A month or two back I stumbled upon a word called Hiraeth- homesickness for a home to which you cannot return, a home which maybe never was; the nostalgia, the yearning, the grief for the lost places of your past. I always believe there are perfect words, which have a complete meaning and tragic beauty. Hiraeth is one of those perfect words. Once you hear them, you fall in love with them.
Hiraeth is a word you feel after reading a Kundera novel. It is a expression you pin when you walk the valleys of Kashmir. That world built on words has no existence in reality, that land you walked on was never yours to step on. It’s a spell you are bound to, but the spell has no source.
Few days back I finally finished Anjum Hasan’s debut novel, Lunatic in my Head. Here are characters who will always remain outsider to their home because of their language, race and religion. The Shillong; Anjum Hasan presents is the land which could never be the characters'. They are in constant state of Hiraeth, they need a place to belong, an anchor to hold them down. None can assure them that happy state of comfort.
The hills have a strange love hate relation with its people, Ruskin Bond’s characters want to fly away from the hills, but they keep returning back, hurting the loved once and hurting themselves. Sometimes home is in a person, but that home is broken, distorted in reality, yet we want to unburden and lie in it. But that home will never accept us. The valleys are same, they are close knit, once you are unwebbed from the community, you can never ever be its part again.
I keep saying to my friends, once you leave your nest, you leave it forever. No matter how many times you go back, you are never there. Homecoming is a beautiful word too, still not perfect. In eight days I will go back to home for vacation. Home has morphed into a space where I have my friends waiting, my pets playing, my mom’s wild kitchen garden and the half empty roads with green glade. I always see my friends write how they miss home, and keep uploading the things they miss about their happy zone, I admire them for being so rooted. Many ask me, do I miss home? No, I don’t miss it. I have been unwebbed so many times, that my home remains in a person not in the concrete walls.

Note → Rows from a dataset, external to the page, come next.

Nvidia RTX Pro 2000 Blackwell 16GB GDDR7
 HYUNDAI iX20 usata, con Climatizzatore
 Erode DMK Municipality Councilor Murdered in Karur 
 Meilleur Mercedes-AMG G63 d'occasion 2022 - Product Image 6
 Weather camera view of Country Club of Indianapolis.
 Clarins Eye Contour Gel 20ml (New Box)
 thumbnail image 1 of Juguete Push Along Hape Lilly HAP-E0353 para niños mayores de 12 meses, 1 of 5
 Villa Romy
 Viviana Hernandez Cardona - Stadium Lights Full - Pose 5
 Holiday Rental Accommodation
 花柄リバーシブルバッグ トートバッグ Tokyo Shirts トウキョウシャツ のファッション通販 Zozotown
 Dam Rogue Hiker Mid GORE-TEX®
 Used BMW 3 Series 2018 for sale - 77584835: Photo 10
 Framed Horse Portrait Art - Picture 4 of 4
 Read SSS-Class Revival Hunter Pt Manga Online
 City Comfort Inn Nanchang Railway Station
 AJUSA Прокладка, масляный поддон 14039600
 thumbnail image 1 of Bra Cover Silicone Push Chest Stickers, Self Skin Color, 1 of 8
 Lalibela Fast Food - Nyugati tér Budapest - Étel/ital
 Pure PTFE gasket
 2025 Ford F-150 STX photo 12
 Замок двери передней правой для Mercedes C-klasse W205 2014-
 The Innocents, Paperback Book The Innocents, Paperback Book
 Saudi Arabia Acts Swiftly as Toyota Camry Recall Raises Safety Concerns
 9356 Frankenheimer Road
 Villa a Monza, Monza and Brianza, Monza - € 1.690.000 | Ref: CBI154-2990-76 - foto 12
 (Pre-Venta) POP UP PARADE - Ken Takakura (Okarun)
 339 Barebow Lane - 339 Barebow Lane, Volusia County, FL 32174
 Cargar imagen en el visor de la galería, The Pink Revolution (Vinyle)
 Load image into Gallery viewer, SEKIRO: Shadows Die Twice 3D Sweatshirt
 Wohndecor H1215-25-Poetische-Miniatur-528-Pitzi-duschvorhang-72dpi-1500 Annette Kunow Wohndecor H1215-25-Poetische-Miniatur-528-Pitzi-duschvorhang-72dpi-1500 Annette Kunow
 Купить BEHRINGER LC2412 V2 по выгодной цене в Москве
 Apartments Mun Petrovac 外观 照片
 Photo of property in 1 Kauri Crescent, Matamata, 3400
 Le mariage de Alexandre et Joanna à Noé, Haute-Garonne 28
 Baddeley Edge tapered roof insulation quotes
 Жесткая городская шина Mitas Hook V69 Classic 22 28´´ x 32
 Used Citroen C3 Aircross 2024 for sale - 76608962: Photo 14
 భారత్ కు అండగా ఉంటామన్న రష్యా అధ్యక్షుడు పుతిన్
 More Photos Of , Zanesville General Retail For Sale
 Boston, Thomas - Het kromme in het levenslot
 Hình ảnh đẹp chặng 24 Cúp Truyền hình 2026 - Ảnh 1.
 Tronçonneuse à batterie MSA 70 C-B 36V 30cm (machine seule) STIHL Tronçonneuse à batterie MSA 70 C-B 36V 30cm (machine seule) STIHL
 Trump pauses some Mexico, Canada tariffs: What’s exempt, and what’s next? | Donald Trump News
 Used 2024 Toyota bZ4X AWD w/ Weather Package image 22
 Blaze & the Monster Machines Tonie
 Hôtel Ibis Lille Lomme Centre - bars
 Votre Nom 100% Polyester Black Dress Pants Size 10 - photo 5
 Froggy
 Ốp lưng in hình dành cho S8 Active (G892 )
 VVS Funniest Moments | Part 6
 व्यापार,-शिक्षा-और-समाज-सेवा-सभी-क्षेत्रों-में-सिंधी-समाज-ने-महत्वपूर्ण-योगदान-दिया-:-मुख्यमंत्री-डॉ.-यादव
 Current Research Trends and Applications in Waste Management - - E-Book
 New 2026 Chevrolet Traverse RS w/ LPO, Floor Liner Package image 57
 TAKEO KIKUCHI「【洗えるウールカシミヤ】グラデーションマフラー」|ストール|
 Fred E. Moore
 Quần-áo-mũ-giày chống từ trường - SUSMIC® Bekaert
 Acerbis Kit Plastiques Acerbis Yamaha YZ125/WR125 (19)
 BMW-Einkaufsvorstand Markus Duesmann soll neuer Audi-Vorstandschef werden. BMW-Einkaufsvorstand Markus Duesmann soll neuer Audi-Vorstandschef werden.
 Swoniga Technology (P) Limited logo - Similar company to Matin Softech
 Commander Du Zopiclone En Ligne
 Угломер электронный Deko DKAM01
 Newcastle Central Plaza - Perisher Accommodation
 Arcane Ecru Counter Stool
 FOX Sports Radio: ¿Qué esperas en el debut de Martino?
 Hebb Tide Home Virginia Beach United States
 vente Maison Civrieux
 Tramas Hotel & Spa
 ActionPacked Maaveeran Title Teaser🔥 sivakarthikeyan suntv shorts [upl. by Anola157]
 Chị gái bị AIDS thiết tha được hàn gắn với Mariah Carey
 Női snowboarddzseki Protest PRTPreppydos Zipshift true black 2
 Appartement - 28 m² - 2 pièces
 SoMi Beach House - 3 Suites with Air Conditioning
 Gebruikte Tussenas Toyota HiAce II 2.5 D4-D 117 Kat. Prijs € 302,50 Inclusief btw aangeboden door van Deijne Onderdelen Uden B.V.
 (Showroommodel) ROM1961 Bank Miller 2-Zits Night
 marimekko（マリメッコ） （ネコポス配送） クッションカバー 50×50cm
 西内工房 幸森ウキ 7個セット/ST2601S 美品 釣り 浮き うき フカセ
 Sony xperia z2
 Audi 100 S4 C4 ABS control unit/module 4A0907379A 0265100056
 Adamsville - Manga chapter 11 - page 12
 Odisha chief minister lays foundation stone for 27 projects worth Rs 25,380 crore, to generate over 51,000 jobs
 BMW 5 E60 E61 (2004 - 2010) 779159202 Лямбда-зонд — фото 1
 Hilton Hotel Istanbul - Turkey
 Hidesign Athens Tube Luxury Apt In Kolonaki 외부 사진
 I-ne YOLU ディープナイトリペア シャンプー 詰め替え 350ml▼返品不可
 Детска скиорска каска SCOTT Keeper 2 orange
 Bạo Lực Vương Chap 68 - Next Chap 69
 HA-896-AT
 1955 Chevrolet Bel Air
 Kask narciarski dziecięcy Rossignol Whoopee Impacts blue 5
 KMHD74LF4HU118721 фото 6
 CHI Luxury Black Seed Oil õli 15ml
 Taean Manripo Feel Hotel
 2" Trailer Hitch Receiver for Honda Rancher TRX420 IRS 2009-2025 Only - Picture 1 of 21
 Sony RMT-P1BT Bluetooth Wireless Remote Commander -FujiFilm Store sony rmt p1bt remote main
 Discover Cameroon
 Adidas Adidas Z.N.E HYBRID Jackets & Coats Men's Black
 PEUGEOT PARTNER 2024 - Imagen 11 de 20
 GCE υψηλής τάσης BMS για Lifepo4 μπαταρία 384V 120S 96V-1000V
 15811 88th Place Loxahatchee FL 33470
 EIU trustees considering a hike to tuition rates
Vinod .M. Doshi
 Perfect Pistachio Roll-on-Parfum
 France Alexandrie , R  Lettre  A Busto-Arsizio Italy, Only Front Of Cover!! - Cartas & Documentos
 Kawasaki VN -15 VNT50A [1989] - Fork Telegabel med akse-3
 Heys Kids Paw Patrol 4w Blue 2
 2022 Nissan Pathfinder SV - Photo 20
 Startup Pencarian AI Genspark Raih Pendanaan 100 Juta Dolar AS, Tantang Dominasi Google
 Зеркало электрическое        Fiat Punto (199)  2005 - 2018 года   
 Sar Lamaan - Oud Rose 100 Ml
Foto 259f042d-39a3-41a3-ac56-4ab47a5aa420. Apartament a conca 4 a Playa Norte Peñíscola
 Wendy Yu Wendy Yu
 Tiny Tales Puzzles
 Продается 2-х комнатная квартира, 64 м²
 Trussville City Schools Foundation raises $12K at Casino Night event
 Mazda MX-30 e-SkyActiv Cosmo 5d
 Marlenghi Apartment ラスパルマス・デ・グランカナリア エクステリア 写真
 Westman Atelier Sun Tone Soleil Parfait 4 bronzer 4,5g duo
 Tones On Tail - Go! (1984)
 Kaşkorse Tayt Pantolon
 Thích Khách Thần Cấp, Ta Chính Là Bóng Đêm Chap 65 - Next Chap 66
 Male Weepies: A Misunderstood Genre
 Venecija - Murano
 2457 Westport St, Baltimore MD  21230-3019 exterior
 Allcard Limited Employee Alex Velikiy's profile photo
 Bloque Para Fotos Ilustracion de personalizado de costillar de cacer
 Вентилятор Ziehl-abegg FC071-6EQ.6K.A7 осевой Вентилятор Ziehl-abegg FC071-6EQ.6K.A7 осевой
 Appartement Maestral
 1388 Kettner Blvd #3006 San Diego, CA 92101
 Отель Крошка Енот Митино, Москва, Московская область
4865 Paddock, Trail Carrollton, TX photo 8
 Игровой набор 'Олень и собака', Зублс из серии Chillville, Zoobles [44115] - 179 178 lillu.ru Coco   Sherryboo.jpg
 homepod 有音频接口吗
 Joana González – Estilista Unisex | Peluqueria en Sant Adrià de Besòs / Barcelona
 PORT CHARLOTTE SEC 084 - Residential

I love everything ‘home’ offers, the warmth, the coziness, the food and most importantly the love. Yet to me home is a suffocating word. It’s the place of your birth yet it’s the vile umbilical pull of it, which will kill us. Home is secured and enemy of motion. Though like the characters of Kundera’s novel, I see home as a place that is better suited in my imagination.
Over the years due to my father’s job, I had to move from one house to another. The house I spent my naughty and sickly infancy in is lost in whitewash. The house in which I had my own huge playhouse of upturn broken tin drums and green plywood, is gone, the house that gave birth to the lunatic in my head is being gobbled up by the green fire. The Jeep which taught me basic anatomy of a car and was my afternoon refuge belongs to someone else now. The present house, that should be my true home, where stays my collection of books and wall doodles, is not the place I love. To me it has never been a home. It will always remain a house my father built with his hard earned money. It is a place which was abandoned by my cats, it is none's home but a temporary escape. Yet its still the house which my father wants to pass as legacy, though it has no history of belonging only a graveyard of flowers, blooming behind with spirits of unknown cats and one white dog playing at night.
P.S- Not all who live thrive for an anchor.